For the entries below, the expected answer is the line with "Peaches Watercolor Clipart", the line with "Honey bee on", and every line between them, exactly as written, and nothing more.

..........

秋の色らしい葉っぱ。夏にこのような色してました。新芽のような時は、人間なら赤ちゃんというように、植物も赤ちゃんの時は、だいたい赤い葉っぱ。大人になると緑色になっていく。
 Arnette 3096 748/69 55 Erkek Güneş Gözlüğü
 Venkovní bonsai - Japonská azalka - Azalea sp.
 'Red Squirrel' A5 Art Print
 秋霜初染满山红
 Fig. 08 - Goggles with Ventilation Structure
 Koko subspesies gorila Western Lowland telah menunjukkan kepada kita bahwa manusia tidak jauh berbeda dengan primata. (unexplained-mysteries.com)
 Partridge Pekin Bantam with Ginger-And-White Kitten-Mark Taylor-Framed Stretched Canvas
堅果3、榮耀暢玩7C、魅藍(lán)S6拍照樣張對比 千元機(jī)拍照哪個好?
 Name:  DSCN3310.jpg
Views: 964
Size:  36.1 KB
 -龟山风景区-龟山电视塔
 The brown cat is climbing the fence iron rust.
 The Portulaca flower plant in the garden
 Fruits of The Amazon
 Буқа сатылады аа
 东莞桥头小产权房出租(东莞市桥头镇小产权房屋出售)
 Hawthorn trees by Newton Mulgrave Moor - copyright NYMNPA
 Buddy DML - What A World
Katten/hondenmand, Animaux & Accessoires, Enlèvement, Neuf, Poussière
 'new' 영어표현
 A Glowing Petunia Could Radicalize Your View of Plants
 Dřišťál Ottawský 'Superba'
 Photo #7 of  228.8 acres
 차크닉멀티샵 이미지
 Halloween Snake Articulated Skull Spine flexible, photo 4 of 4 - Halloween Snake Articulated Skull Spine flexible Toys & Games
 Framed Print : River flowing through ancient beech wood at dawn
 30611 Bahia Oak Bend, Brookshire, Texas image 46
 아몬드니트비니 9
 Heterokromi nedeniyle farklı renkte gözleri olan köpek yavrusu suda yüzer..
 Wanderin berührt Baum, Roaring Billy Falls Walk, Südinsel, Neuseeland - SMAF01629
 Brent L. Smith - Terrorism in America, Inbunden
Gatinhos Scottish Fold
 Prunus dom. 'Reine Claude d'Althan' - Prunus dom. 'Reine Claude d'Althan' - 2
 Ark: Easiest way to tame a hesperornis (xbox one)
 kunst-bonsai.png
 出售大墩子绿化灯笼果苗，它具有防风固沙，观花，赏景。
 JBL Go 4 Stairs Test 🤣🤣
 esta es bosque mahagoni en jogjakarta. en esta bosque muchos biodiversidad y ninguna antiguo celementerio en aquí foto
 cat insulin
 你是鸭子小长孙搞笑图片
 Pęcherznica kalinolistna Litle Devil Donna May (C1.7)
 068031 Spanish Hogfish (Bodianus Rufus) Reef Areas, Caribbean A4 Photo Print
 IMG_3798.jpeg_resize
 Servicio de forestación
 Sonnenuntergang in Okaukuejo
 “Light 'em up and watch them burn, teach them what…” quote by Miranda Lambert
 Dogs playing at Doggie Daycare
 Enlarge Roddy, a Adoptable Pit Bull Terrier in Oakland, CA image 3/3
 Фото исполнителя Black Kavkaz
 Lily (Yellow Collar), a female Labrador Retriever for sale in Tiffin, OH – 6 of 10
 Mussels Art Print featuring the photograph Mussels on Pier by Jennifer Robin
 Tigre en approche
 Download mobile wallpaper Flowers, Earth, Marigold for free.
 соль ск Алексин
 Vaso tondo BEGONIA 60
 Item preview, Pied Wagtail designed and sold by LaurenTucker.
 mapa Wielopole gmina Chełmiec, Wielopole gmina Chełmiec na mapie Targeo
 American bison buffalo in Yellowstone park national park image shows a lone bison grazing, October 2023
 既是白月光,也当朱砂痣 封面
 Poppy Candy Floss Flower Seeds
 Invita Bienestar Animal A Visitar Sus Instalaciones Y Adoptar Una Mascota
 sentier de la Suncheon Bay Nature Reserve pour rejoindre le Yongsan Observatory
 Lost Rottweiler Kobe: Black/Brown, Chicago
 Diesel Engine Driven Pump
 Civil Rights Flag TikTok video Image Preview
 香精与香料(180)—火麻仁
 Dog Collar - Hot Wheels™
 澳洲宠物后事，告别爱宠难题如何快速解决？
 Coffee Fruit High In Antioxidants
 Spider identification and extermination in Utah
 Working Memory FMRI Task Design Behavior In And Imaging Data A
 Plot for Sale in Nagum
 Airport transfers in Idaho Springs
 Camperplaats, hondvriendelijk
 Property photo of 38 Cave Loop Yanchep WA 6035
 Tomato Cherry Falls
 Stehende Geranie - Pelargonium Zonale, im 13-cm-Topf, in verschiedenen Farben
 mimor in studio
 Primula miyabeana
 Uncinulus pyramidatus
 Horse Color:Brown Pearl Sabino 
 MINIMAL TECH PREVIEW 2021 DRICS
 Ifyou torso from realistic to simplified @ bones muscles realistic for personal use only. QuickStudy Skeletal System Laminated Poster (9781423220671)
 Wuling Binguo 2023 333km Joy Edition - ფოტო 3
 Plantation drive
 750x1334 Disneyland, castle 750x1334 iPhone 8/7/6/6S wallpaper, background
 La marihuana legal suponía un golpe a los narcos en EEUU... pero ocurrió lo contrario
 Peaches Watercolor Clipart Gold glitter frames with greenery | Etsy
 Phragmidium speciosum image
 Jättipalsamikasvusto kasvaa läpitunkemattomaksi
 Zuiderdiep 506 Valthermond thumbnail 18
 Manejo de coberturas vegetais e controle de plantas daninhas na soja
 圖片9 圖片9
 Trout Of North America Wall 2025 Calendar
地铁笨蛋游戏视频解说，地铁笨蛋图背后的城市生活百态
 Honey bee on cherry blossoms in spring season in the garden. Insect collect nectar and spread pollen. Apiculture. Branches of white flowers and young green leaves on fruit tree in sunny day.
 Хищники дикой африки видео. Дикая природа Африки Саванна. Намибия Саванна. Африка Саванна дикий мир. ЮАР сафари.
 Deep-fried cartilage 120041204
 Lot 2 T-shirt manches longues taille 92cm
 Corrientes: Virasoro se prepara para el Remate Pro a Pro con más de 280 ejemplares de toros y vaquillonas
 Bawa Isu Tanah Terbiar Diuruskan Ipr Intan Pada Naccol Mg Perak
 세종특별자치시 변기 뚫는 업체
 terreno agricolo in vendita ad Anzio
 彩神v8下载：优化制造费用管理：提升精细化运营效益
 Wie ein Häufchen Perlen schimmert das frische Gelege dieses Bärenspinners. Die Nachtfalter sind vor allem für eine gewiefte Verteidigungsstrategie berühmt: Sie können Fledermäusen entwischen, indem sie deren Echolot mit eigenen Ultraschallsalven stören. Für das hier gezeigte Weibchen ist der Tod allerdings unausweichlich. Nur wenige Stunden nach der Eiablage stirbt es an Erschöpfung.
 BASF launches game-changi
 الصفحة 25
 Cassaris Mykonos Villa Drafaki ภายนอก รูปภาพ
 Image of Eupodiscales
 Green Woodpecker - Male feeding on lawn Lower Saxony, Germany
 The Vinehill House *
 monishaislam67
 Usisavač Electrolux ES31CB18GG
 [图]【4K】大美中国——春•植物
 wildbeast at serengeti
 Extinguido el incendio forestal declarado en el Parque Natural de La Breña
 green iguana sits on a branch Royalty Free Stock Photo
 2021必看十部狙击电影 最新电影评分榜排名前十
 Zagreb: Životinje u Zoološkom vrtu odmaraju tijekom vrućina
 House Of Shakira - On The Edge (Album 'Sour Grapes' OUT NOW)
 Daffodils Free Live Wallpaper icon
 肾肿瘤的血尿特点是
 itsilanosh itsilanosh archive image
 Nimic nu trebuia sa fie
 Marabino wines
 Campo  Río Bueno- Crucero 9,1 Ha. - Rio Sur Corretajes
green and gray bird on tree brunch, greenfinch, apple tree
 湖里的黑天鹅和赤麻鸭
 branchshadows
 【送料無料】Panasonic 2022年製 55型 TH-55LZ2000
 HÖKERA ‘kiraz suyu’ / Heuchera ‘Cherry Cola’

..........

## [Response to the exercise]
 Peaches Watercolor Clipart Gold glitter frames with greenery | Etsy
 Phragmidium speciosum image
 Jättipalsamikasvusto kasvaa läpitunkemattomaksi
 Zuiderdiep 506 Valthermond thumbnail 18
 Manejo de coberturas vegetais e controle de plantas daninhas na soja
 圖片9 圖片9
 Trout Of North America Wall 2025 Calendar
地铁笨蛋游戏视频解说，地铁笨蛋图背后的城市生活百态
 Honey bee on cherry blossoms in spring season in the garden. Insect collect nectar and spread pollen. Apiculture. Branches of white flowers and young green leaves on fruit tree in sunny day.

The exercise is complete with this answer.